### Task details:
From the first line to the last, set down the material exactly and drop every picture.

### Supplied material:
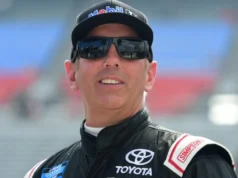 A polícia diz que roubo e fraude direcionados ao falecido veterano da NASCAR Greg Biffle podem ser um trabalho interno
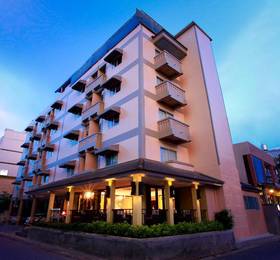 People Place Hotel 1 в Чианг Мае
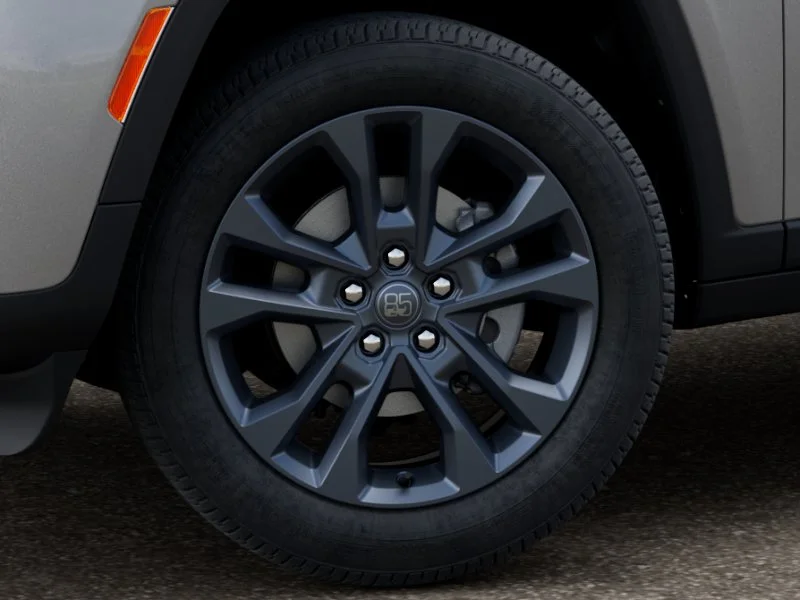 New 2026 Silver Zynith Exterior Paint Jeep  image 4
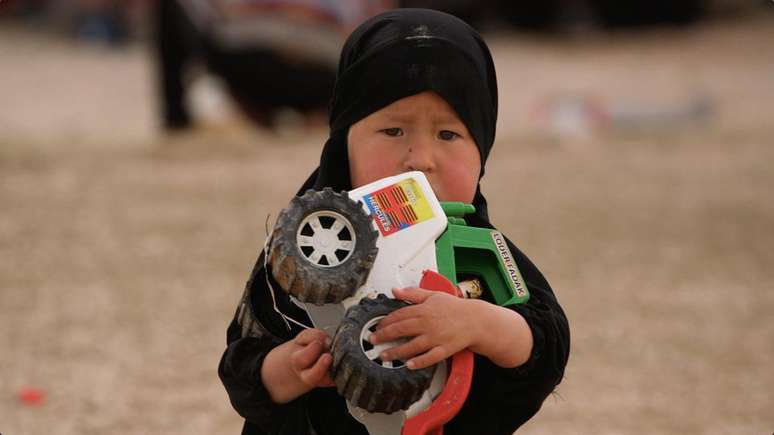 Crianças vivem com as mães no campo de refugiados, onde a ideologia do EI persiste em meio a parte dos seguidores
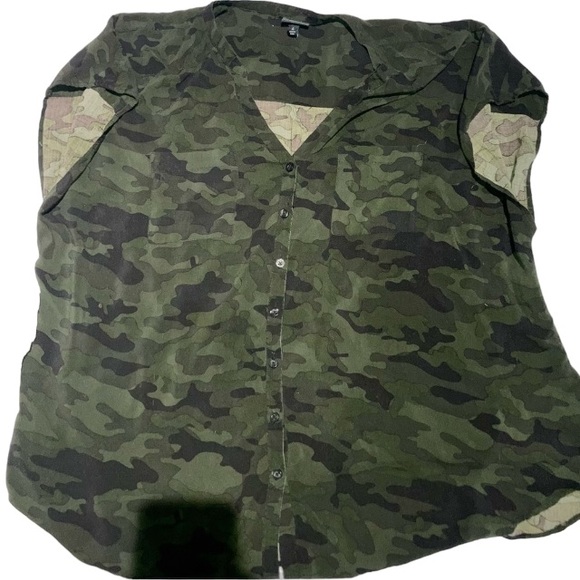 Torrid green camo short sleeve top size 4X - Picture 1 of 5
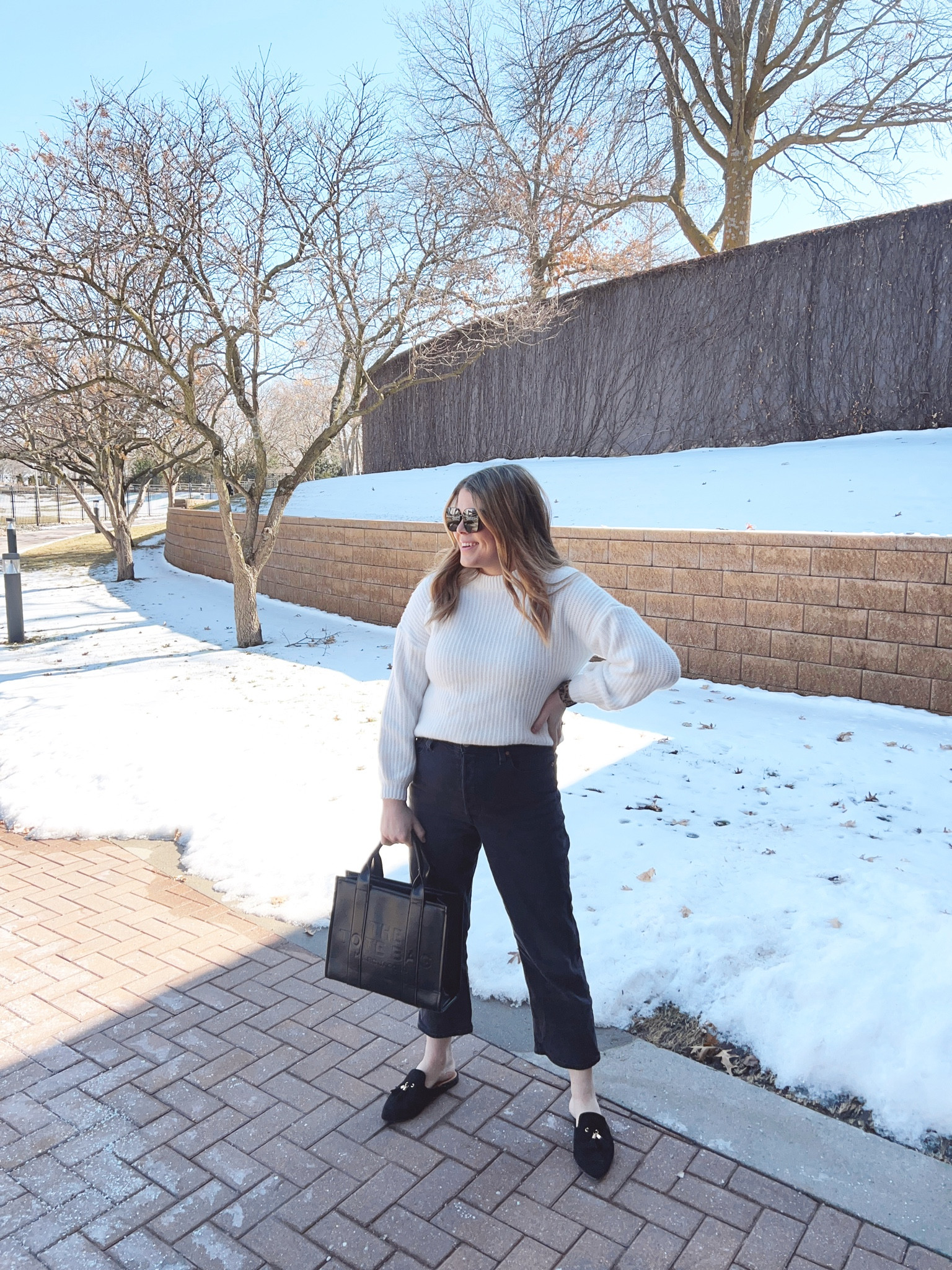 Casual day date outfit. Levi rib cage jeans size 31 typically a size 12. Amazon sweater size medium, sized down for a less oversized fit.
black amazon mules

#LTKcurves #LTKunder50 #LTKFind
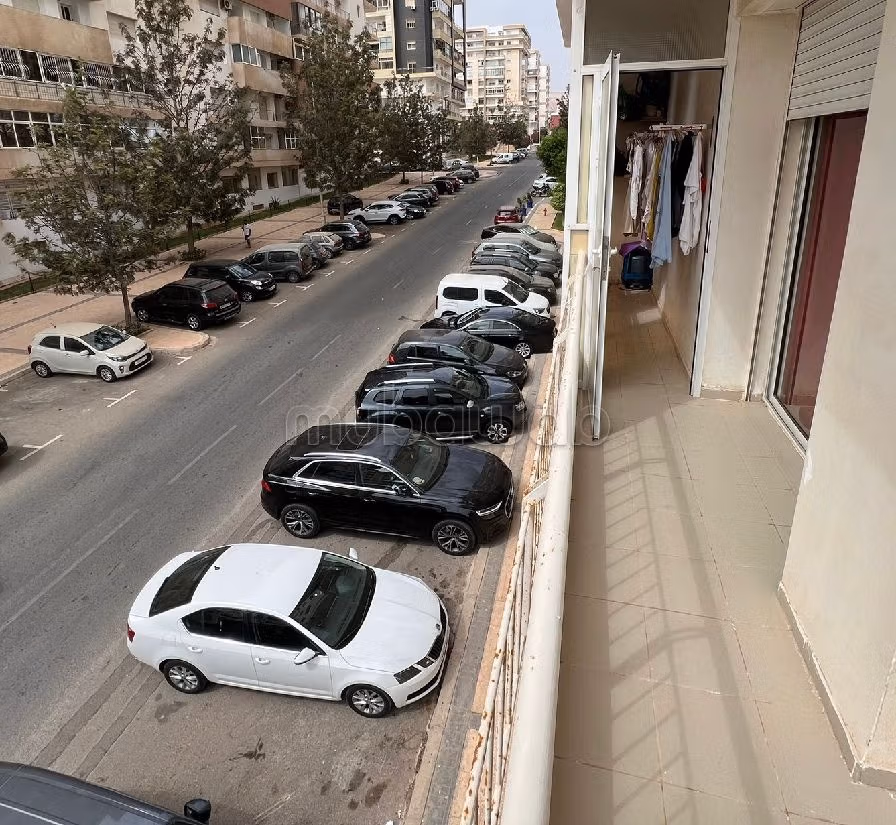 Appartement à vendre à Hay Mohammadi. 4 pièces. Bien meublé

### Task answer:
 A polícia diz que roubo e fraude direcionados ao falecido veterano da NASCAR Greg Biffle podem ser um trabalho interno
 People Place Hotel 1 в Чианг Мае
 New 2026 Silver Zynith Exterior Paint Jeep  image 4
 Crianças vivem com as mães no campo de refugiados, onde a ideologia do EI persiste em meio a parte dos seguidores
 Torrid green camo short sleeve top size 4X - Picture 1 of 5
 Casual day date outfit. Levi rib cage jeans size 31 typically a size 12. Amazon sweater size medium, sized down for a less oversized fit.
black amazon mules

#LTKcurves #LTKunder50 #LTKFind
 Appartement à vendre à Hay Mohammadi. 4 pièces. Bien meublé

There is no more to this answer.